[About this task]
Below are some records. Write out the line that contains "Sistema Audio Radio CD Opel Corsa HN05" and all lines after it, exactly, but not the pictures.

[Extracted information]
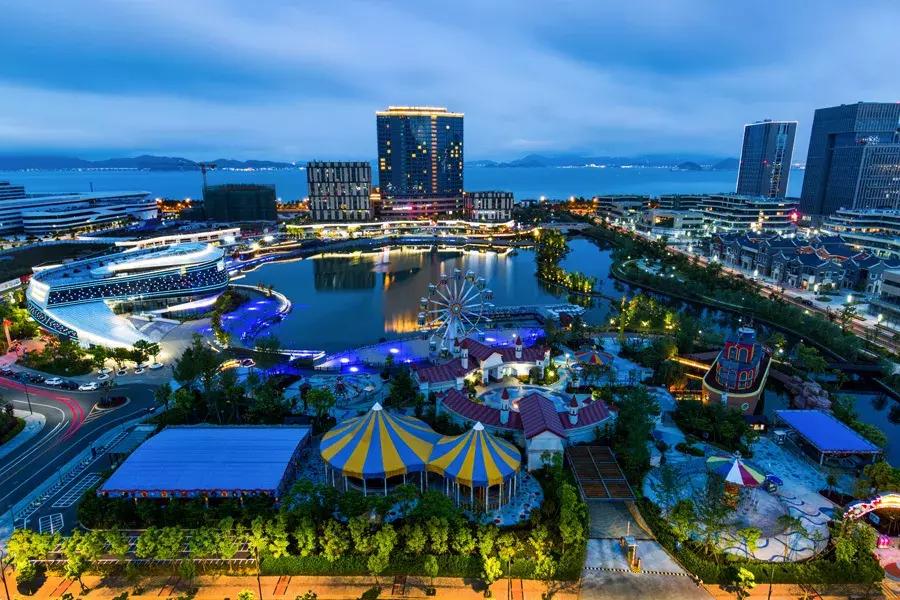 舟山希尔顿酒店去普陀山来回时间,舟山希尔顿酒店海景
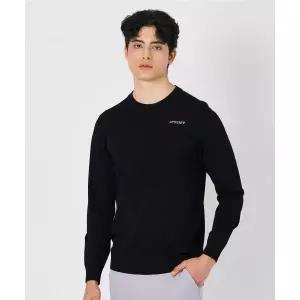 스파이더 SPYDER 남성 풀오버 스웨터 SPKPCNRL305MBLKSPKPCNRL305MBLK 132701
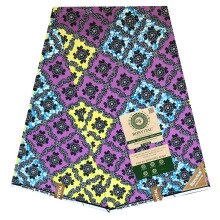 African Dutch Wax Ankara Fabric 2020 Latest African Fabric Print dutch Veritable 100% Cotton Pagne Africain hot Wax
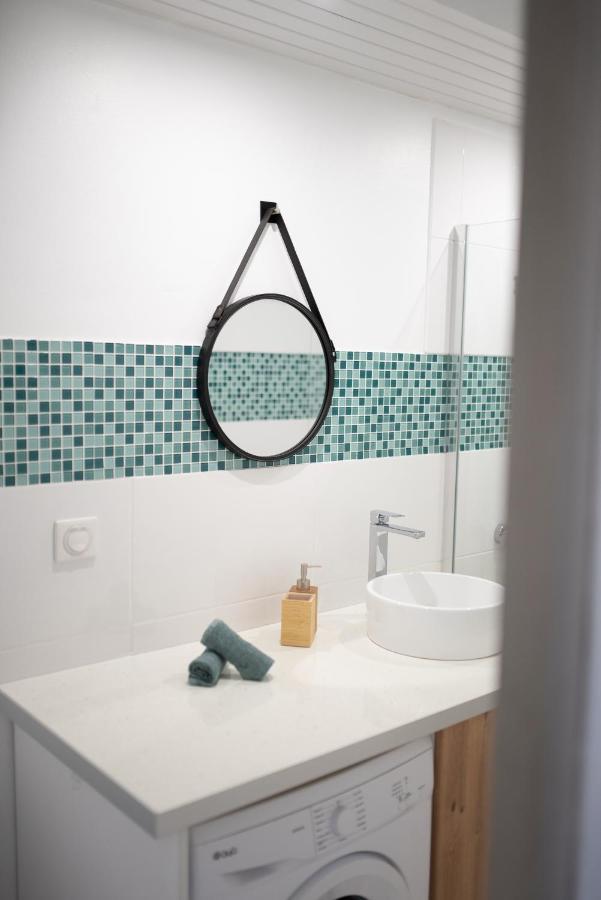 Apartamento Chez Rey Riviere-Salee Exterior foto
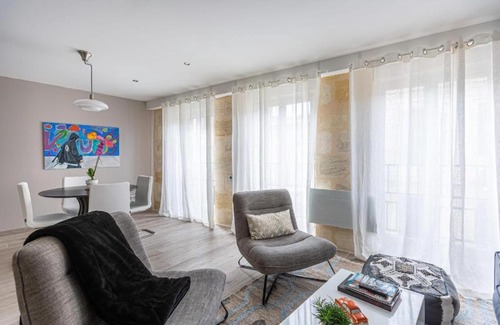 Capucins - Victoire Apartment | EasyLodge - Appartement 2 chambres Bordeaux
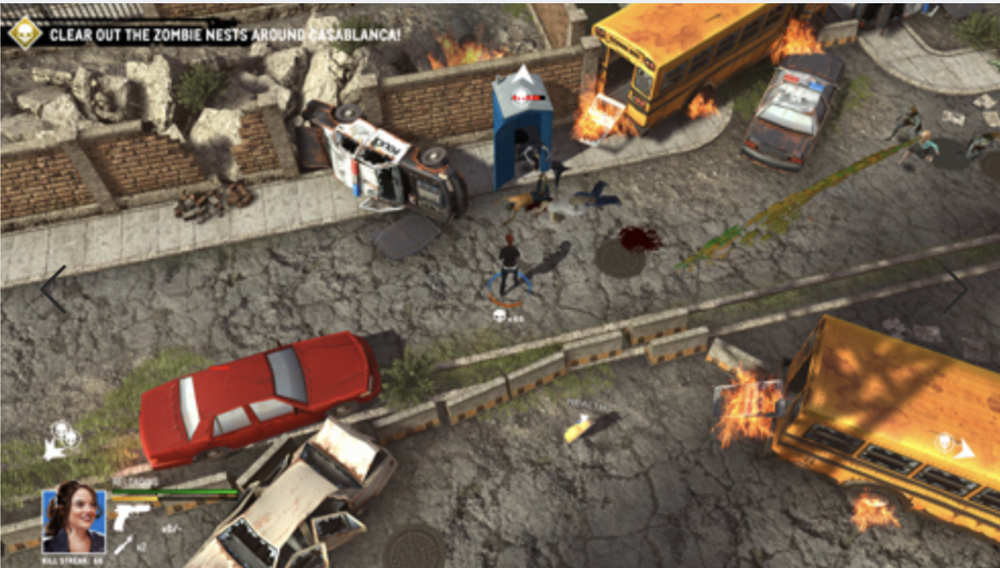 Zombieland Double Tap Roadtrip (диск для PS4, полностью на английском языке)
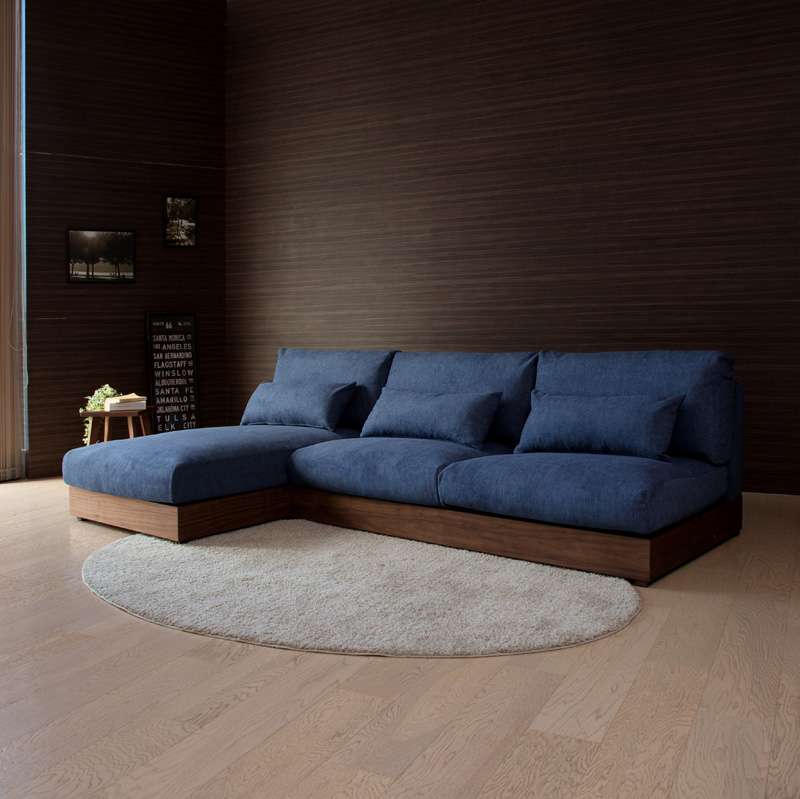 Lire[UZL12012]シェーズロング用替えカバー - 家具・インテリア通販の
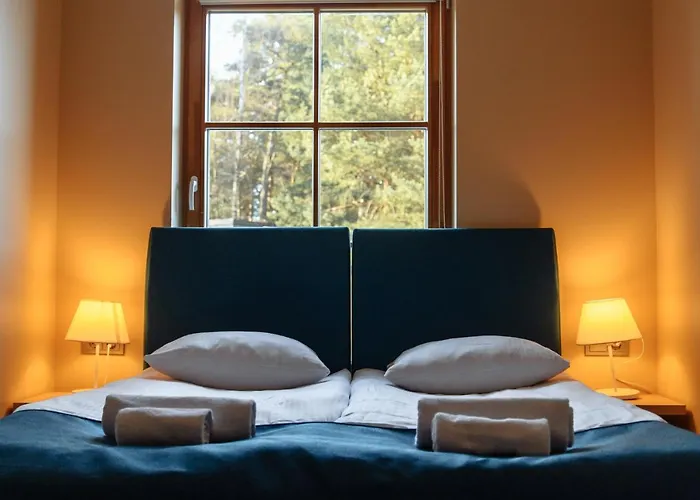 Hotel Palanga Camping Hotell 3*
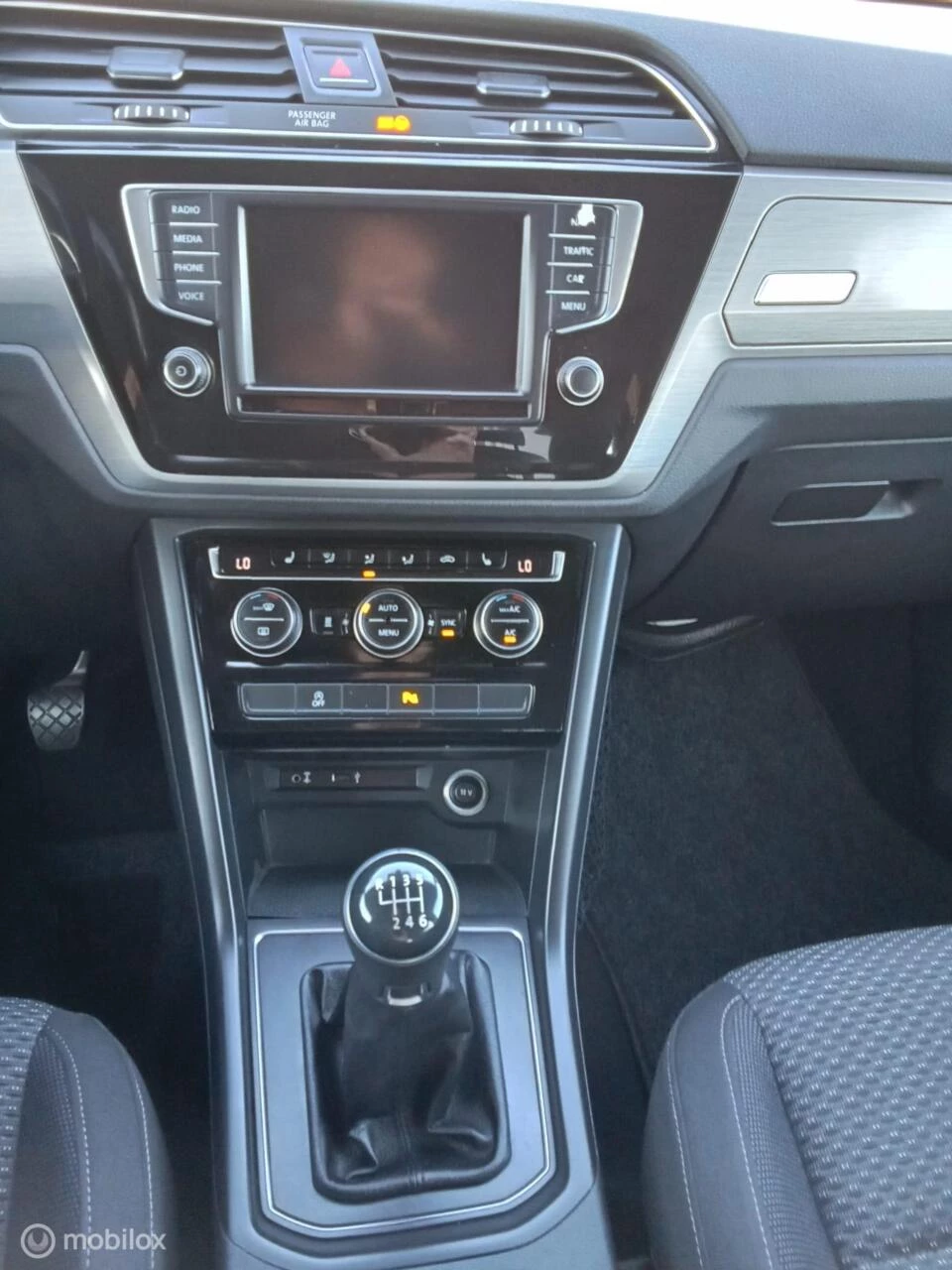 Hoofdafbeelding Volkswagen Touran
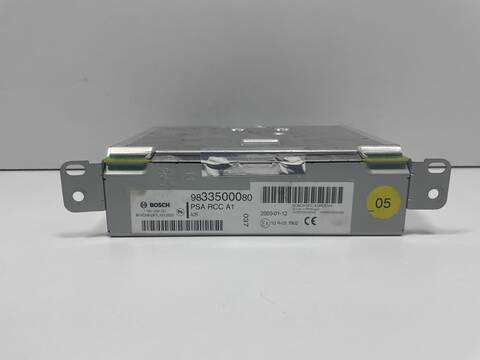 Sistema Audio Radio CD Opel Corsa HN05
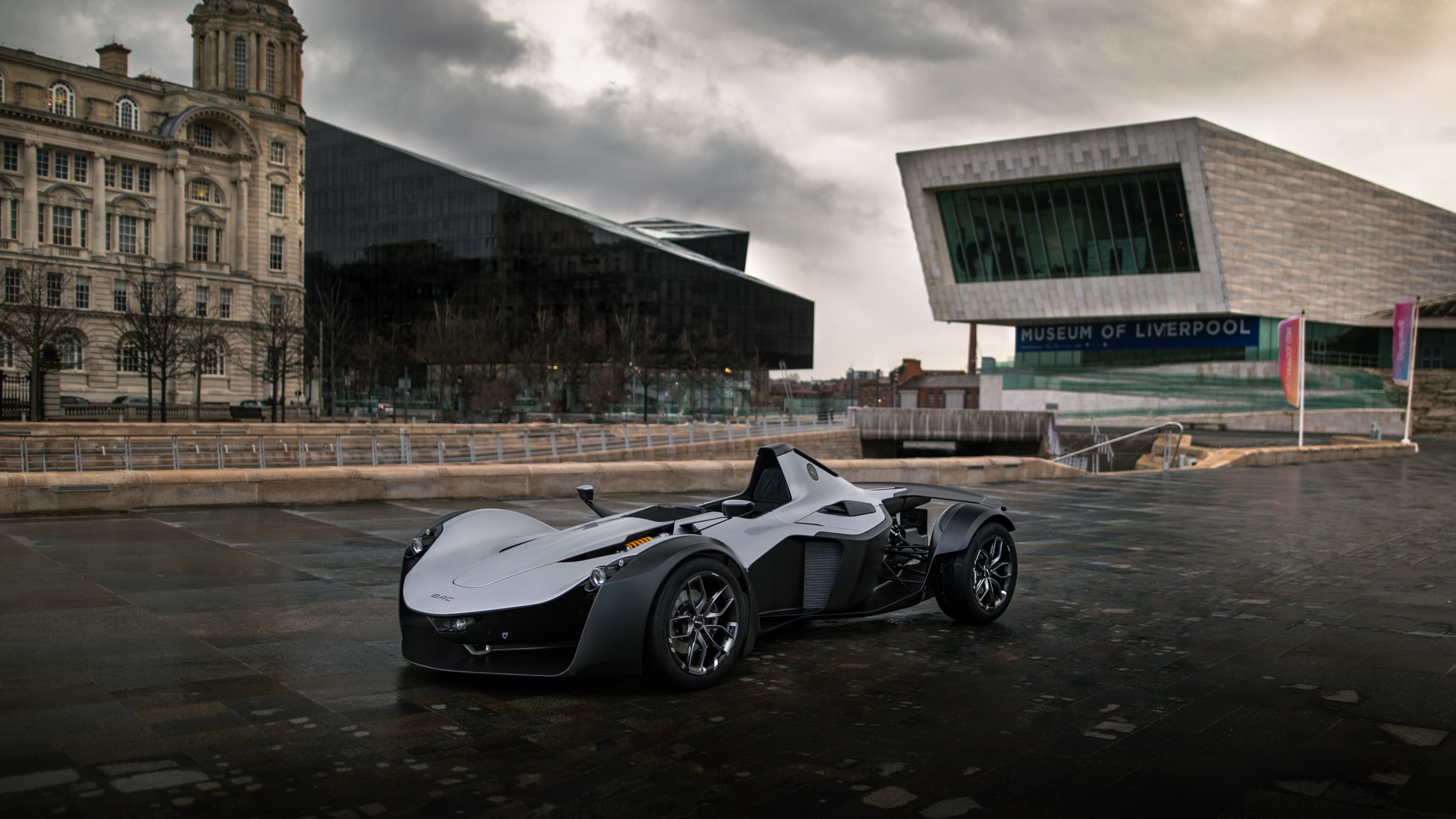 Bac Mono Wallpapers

[Solution below]
 Sistema Audio Radio CD Opel Corsa HN05
 Bac Mono Wallpapers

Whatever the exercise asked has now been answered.